Copy all records verbatim, images excluded.

-------

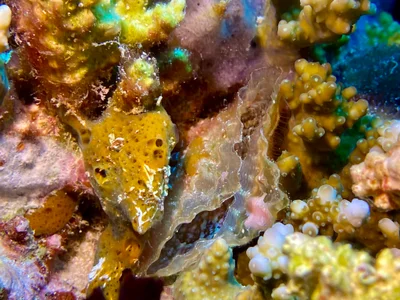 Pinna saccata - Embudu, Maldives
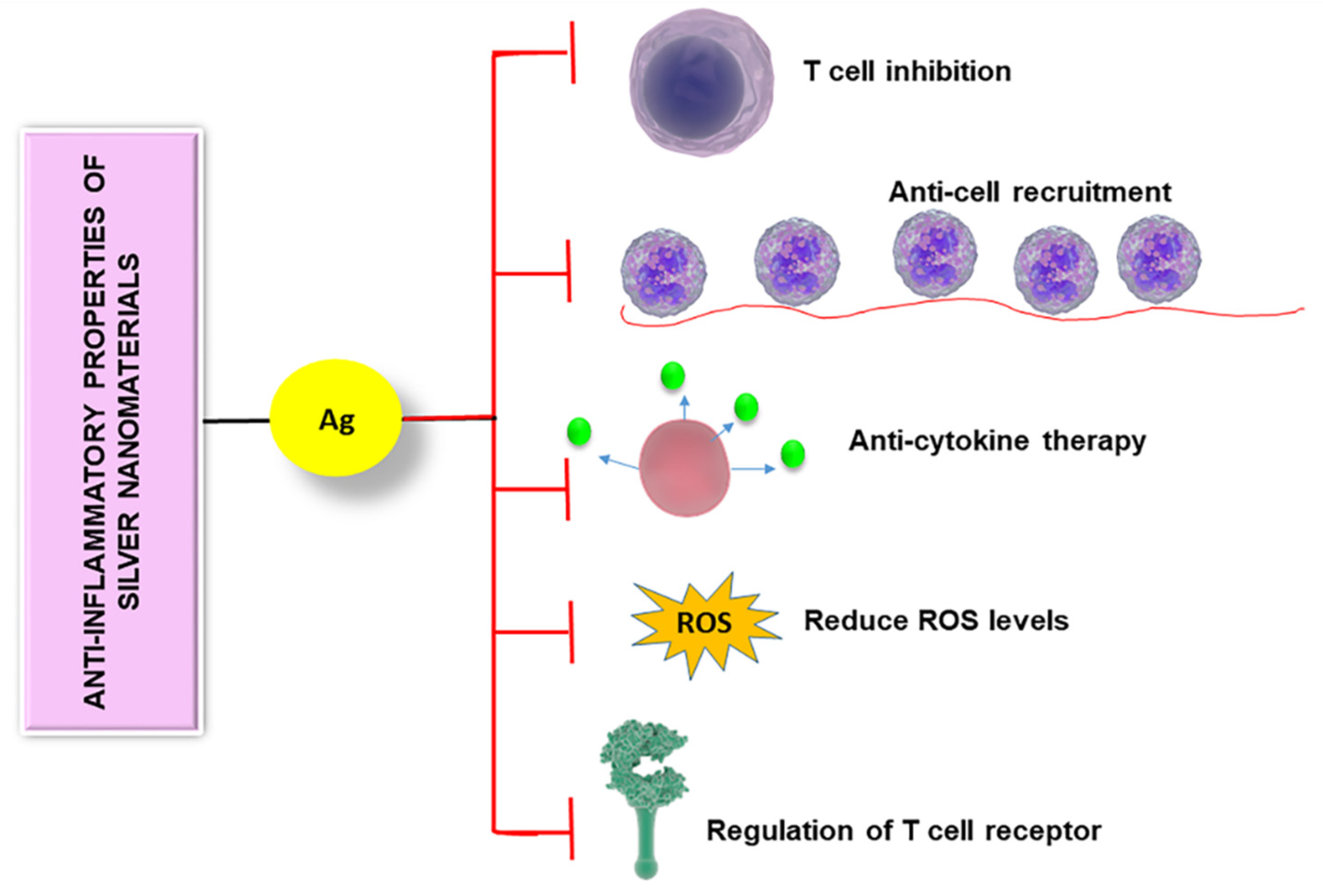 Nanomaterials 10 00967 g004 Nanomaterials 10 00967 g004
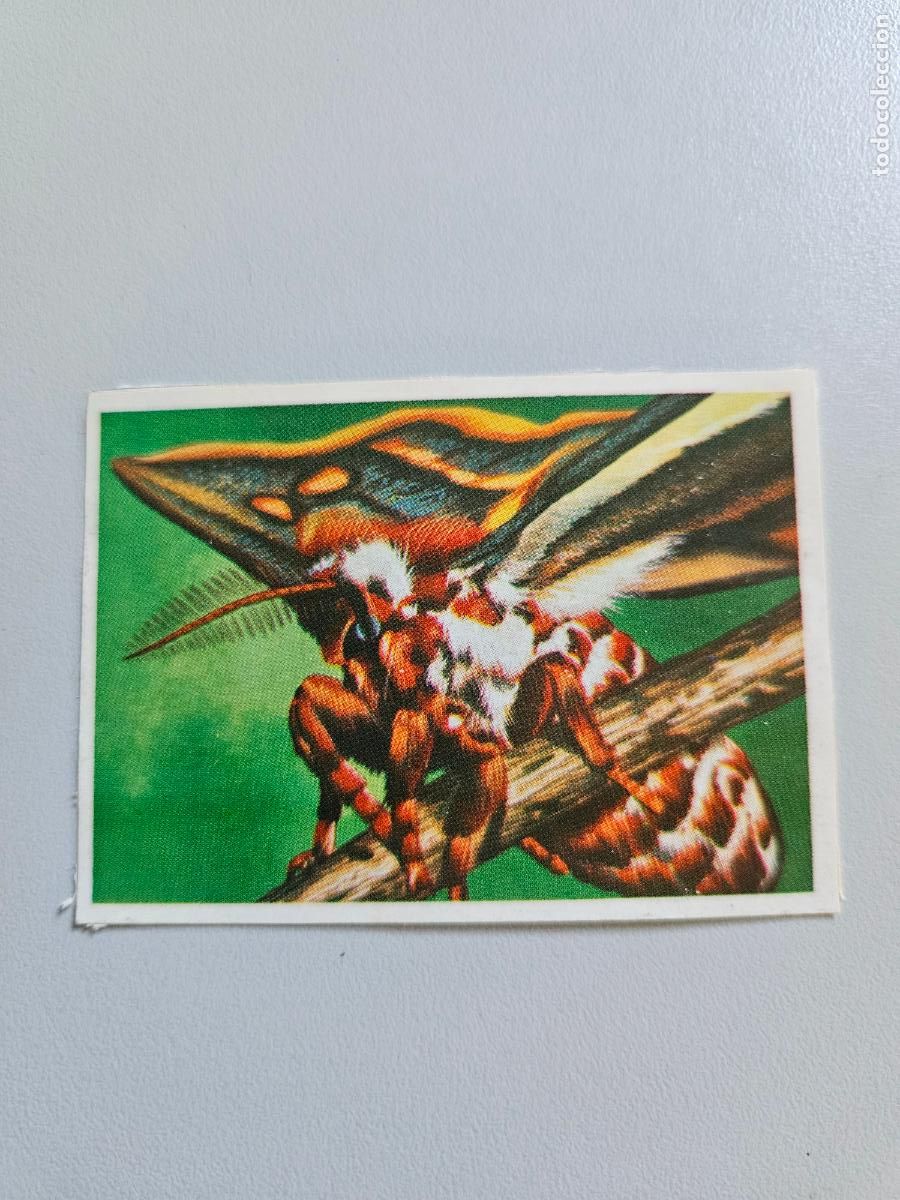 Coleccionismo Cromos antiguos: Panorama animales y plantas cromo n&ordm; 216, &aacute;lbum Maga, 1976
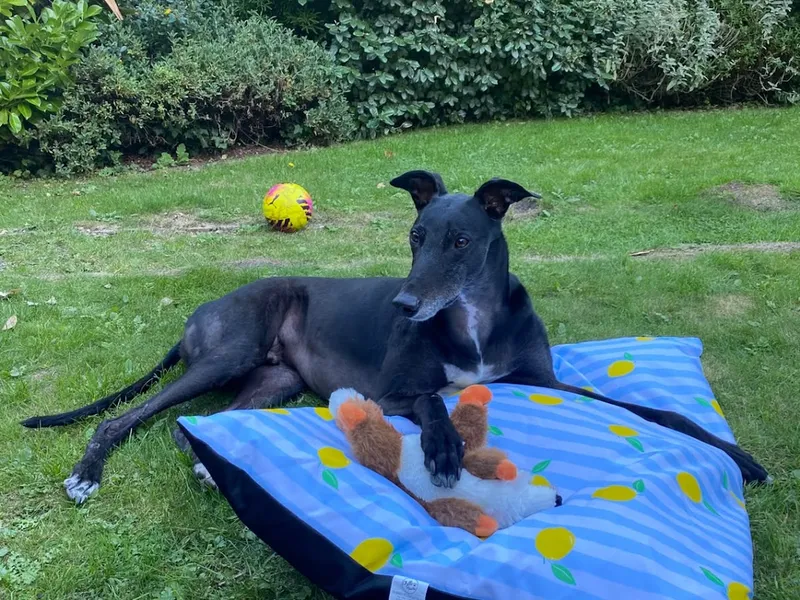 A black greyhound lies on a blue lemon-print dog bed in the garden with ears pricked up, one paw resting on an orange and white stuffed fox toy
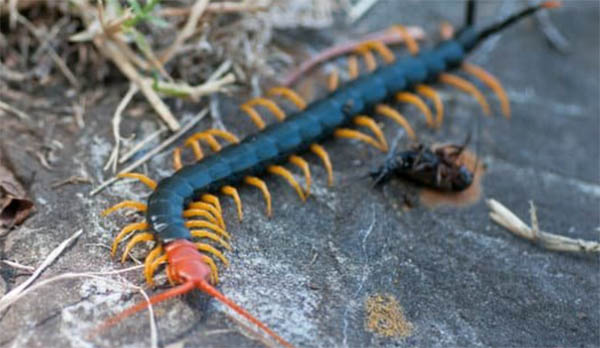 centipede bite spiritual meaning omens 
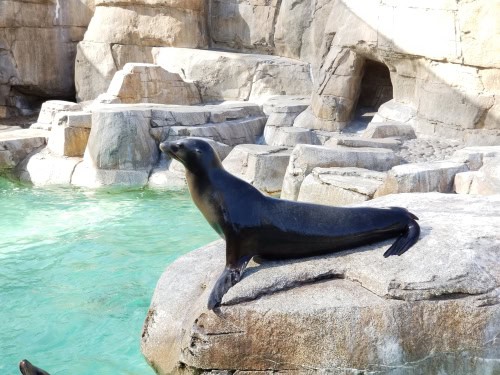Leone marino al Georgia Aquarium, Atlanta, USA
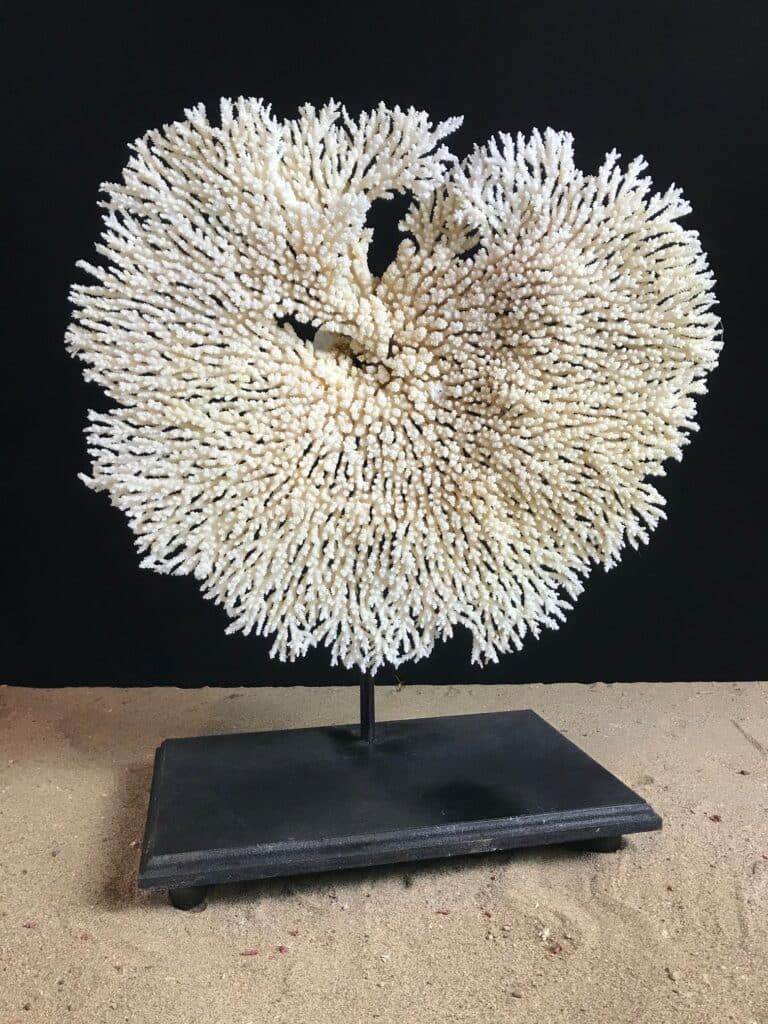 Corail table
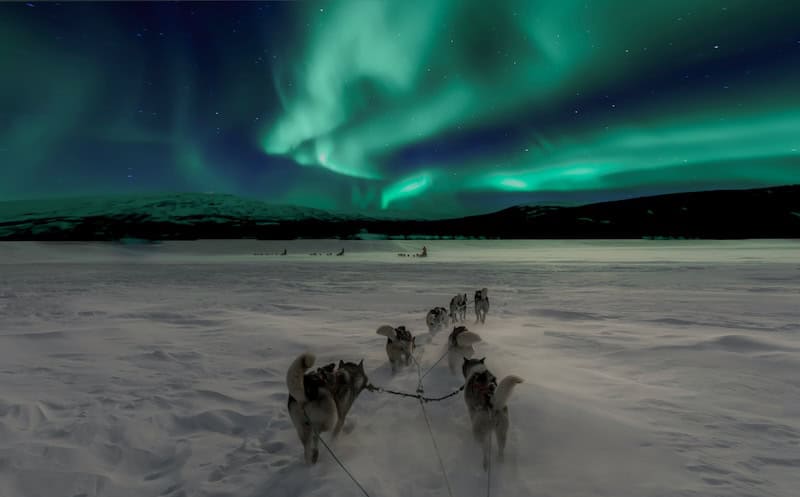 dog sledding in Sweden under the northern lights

-------

# Solution for this task:
 Pinna saccata - Embudu, Maldives
 Nanomaterials 10 00967 g004 Nanomaterials 10 00967 g004
 Coleccionismo Cromos antiguos: Panorama animales y plantas cromo n&ordm; 216, &aacute;lbum Maga, 1976
 A black greyhound lies on a blue lemon-print dog bed in the garden with ears pricked up, one paw resting on an orange and white stuffed fox toy
 centipede bite spiritual meaning omens 
Leone marino al Georgia Aquarium, Atlanta, USA
 Corail table
 dog sledding in Sweden under the northern lights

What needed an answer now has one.